Everything you need to know about interest rate decisions

Source: TND

Reserve Bank governor Michele Bullock has refused to rule out more interest rate hikes, as warned inflation remained stubbornly high.

RBA board members opted to leave interest rates steady at 4.35 per cent on Tuesday, after the bank’s first meeting of 2024.

But it was another close call, with Bullock fronting the media for her first post-meeting briefing shortly afterwards to warn that inflation was hurting everyone.

The bank knew many Australians were doing it tough, but inflation was a “big reason” for that, Bullock said.

“We have made good progress, absolutely we have made good progress, but the job is not done,” she said.

She reiterated the central bank’s forecast that inflation will return to the 2-3 per cent range in 2025, and the midpoint in 2026.

Economists had broadly expected no change in the official cash rate on Tuesday, following a promising run of data, including a weaker-than-expected inflation print, muted spending numbers and signs of a softening jobs market.

With the 4.25 percentage points of monetary policy tightening since May 2022 clearly at work to cool the economy and bring down inflation, talk has turned to the timing of rate cuts.

After the meeting, Bullock would not be drawn on whether cuts were on the horizon, saying the risks were evenly balanced between the potential for hikes or cuts in 2024.

“We are not ruling in or out anything,” she said.

“We are focused on bringing inflation down, we still think the risks are balanced.”

Indeed APAC economist Callam Pickering said mortgage relief could come later this year if inflation continued to ease.

“Inflation continues to drop and there is a solid chance that core inflation returns to the RBA’s inflation target this year,” he said.

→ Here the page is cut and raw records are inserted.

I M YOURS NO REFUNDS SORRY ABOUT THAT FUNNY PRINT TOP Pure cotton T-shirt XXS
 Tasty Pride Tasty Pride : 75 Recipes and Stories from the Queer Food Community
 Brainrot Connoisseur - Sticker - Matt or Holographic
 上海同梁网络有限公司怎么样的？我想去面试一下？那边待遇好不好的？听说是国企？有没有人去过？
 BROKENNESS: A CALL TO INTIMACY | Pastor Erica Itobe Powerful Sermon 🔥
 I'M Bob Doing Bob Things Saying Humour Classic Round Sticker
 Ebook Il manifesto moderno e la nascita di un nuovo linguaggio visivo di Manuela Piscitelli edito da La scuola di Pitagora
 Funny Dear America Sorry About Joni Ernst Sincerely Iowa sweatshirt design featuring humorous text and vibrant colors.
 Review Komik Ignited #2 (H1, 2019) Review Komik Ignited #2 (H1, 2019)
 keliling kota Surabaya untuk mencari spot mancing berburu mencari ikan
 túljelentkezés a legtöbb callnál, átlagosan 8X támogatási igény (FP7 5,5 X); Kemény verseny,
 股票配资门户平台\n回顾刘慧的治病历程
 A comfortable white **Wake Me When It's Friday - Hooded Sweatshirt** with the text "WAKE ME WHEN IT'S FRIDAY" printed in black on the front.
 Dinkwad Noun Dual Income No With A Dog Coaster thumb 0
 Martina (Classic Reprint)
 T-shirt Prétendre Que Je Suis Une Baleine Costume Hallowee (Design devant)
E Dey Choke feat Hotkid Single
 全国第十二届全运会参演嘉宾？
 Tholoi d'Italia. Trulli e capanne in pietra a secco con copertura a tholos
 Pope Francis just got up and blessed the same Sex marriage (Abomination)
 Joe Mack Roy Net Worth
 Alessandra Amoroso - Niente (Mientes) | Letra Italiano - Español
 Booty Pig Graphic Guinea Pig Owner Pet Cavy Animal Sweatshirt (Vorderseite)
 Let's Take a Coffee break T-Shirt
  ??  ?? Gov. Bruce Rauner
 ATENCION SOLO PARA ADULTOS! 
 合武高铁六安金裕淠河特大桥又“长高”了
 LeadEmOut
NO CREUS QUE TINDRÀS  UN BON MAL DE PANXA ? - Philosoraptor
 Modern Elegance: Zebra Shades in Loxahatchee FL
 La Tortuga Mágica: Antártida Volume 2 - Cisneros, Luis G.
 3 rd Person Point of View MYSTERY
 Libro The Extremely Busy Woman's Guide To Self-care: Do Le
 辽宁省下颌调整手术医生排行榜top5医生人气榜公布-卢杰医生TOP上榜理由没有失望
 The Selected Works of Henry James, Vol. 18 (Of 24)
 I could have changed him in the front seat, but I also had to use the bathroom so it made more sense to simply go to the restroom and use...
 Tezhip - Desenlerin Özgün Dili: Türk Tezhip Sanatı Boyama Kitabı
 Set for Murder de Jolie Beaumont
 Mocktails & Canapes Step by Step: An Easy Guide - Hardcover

“Rate cuts in the second half of the year are suddenly a distinct possibility.”

Yet the board said there was still a chance more interest rate hikes could be needed, though Bullock’s account of the economy was broadly more optimistic than her last communications back in December.

“The board expects that it will be some time yet before inflation is sustainably in the target range,” it said in a statement.

“The path of interest rates that will best ensure that inflation returns to target in a reasonable timeframe will depend upon the data and the evolving assessment of risks, and a further increase in interest rates cannot be ruled out.”

Interest rate cuts may still be a while away, with Oxford Australia head of macroeconomic forecasting Sean Langcake saying the RBA’s new forecasts did not have inflation falling back to target until late in 2025.

“We agree with this outlook and think that any talk of interest rate cuts in the first half of the year is premature,” he said.